▶ _Directions for this task_
Provide an exact copy of the lines from the beginning of the records through the line that includes "NYLON METAL FLASK", and of no others.

(Beginning of Data in this exercise)

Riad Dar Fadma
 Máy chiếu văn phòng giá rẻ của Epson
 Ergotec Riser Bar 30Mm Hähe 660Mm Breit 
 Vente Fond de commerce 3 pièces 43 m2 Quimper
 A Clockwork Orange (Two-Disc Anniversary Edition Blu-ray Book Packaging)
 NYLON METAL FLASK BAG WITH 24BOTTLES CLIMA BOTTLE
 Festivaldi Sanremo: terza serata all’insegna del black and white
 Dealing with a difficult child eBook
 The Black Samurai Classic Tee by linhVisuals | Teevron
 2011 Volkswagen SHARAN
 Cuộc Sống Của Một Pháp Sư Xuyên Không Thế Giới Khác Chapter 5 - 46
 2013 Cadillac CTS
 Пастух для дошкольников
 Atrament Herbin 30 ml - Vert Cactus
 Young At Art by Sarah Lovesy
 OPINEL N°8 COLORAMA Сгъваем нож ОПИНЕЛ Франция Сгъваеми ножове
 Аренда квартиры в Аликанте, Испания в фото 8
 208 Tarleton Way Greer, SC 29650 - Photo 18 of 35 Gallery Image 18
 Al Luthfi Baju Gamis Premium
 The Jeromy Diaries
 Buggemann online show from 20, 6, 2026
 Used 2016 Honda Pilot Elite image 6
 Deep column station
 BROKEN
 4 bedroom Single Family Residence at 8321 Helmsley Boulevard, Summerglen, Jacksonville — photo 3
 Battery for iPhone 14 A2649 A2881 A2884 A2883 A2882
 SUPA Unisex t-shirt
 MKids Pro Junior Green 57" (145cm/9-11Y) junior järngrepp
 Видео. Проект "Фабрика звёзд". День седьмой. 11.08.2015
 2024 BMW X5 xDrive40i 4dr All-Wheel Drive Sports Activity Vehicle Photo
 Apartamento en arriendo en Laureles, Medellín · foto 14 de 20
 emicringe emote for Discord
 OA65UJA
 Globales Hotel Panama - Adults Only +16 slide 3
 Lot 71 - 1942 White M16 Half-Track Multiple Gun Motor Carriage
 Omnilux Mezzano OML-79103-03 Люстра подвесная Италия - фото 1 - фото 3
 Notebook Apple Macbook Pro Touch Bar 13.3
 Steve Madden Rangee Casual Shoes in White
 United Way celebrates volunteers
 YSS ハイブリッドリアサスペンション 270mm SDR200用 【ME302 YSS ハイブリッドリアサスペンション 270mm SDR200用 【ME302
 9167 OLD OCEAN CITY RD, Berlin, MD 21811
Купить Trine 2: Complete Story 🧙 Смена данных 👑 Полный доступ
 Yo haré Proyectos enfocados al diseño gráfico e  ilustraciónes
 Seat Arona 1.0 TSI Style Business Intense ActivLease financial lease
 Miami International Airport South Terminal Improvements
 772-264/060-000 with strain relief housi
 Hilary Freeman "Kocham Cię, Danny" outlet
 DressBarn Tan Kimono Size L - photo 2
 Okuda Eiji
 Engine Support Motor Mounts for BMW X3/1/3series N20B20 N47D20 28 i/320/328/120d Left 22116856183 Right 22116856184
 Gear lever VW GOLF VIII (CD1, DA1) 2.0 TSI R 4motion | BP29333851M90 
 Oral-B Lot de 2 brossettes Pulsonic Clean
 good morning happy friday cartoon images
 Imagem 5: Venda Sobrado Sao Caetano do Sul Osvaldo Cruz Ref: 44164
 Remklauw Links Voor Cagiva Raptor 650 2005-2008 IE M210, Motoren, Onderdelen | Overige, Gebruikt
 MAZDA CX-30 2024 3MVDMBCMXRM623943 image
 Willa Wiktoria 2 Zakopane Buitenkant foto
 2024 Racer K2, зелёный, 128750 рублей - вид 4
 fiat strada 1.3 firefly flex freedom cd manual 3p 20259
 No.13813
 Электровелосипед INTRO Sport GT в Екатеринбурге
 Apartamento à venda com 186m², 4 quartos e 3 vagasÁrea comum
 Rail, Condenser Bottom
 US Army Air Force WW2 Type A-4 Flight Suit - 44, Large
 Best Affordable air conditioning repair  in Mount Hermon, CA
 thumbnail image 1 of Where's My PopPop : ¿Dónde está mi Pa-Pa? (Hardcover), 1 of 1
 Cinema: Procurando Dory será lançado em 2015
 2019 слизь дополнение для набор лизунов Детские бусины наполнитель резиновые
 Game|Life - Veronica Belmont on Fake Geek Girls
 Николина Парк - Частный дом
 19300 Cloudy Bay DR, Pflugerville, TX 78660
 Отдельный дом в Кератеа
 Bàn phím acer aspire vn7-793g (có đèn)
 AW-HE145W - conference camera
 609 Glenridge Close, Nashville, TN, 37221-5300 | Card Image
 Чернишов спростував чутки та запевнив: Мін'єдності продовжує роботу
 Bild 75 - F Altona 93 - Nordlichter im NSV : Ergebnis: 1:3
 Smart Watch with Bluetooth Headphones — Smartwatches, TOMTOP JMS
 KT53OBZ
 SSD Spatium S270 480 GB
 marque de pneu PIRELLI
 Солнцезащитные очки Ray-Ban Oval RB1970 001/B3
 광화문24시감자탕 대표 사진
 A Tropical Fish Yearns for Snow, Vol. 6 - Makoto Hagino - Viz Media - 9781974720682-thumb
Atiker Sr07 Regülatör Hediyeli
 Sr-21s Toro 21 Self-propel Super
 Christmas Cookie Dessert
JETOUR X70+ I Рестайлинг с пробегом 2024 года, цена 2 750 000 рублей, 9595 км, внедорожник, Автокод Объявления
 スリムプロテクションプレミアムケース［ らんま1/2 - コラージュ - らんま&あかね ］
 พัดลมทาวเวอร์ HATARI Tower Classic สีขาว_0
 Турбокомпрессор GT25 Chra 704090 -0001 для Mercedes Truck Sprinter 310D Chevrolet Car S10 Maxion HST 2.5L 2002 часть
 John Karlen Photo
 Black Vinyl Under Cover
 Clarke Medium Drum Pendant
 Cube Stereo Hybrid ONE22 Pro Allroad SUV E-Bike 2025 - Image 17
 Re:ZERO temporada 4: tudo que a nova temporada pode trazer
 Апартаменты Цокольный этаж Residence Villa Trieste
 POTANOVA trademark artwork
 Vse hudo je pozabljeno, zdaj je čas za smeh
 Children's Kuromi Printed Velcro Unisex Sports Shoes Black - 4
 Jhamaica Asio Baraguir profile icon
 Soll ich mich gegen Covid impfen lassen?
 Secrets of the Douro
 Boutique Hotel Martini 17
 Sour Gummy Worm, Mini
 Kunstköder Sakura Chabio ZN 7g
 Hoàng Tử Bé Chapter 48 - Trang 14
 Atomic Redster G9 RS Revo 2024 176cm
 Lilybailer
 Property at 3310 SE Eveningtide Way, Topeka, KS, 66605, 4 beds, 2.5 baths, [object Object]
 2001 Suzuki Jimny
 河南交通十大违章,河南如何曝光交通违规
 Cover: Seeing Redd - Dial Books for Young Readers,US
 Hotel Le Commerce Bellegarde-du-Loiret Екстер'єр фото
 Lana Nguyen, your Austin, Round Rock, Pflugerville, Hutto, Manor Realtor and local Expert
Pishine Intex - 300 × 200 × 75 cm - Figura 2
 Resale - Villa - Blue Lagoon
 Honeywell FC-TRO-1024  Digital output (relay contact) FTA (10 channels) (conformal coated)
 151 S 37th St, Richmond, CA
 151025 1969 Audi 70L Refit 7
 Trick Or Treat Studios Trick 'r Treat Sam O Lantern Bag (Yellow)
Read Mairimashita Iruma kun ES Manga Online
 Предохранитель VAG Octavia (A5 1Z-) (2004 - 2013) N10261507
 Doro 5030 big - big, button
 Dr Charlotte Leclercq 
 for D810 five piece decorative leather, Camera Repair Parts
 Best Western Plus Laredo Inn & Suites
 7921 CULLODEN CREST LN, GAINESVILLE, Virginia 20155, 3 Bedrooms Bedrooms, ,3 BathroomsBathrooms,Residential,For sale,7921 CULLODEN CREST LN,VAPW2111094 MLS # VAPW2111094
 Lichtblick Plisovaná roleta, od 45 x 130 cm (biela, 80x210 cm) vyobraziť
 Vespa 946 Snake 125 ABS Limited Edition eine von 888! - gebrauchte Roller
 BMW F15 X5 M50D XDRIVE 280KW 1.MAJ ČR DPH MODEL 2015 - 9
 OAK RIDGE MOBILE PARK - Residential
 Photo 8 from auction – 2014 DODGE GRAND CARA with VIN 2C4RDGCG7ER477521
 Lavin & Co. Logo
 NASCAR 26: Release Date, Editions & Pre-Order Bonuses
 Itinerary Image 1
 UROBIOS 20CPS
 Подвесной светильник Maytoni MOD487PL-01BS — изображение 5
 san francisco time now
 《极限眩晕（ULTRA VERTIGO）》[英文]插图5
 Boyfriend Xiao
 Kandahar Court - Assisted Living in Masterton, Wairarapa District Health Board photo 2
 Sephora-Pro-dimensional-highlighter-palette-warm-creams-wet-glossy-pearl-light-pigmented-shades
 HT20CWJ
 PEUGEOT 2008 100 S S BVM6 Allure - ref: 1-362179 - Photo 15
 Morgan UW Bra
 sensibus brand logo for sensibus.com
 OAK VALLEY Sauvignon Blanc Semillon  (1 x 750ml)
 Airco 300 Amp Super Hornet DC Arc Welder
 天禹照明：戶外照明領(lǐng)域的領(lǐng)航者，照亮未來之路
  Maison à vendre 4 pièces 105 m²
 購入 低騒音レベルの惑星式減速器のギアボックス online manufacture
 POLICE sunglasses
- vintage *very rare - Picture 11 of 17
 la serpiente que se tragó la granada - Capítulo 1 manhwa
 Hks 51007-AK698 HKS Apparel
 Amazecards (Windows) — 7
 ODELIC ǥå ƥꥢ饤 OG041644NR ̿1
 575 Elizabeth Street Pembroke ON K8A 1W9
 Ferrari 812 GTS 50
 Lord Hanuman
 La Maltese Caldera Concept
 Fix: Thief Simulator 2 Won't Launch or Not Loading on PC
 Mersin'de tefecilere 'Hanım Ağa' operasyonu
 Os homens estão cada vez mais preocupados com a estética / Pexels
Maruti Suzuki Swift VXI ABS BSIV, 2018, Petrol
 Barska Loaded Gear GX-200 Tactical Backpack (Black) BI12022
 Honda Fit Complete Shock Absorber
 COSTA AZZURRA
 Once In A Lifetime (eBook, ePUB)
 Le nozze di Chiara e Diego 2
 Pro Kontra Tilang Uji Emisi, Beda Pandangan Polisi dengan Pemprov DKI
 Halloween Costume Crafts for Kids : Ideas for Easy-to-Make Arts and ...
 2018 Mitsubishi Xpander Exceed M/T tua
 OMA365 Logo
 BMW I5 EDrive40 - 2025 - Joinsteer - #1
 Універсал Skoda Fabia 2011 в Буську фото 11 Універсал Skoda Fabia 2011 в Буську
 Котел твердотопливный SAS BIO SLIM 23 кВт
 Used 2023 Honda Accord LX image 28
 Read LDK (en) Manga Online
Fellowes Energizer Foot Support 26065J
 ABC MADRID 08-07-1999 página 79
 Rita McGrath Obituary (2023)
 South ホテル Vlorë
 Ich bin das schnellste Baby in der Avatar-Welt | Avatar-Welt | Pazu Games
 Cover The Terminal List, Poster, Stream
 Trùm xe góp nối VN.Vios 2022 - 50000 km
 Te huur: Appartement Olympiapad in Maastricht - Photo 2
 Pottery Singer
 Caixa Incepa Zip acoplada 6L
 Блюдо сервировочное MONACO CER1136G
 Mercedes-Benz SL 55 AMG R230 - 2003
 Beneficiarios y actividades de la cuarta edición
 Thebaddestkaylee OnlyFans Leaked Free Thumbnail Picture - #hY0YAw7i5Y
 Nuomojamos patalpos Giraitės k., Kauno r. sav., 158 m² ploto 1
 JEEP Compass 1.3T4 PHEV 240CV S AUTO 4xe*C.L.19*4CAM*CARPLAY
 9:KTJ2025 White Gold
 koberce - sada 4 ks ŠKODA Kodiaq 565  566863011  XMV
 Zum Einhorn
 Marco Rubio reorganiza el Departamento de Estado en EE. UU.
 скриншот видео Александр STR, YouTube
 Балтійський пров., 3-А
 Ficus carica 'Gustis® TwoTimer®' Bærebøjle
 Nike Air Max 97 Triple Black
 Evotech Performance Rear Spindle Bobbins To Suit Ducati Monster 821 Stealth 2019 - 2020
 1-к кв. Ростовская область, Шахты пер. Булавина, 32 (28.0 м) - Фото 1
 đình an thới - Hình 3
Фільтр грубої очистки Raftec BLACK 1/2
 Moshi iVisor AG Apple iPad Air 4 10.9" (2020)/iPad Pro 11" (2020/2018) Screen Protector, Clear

(End of Data in this exercise)

▶ _Response to the task_
Riad Dar Fadma
 Máy chiếu văn phòng giá rẻ của Epson
 Ergotec Riser Bar 30Mm Hähe 660Mm Breit 
 Vente Fond de commerce 3 pièces 43 m2 Quimper
 A Clockwork Orange (Two-Disc Anniversary Edition Blu-ray Book Packaging)
 NYLON METAL FLASK BAG WITH 24BOTTLES CLIMA BOTTLE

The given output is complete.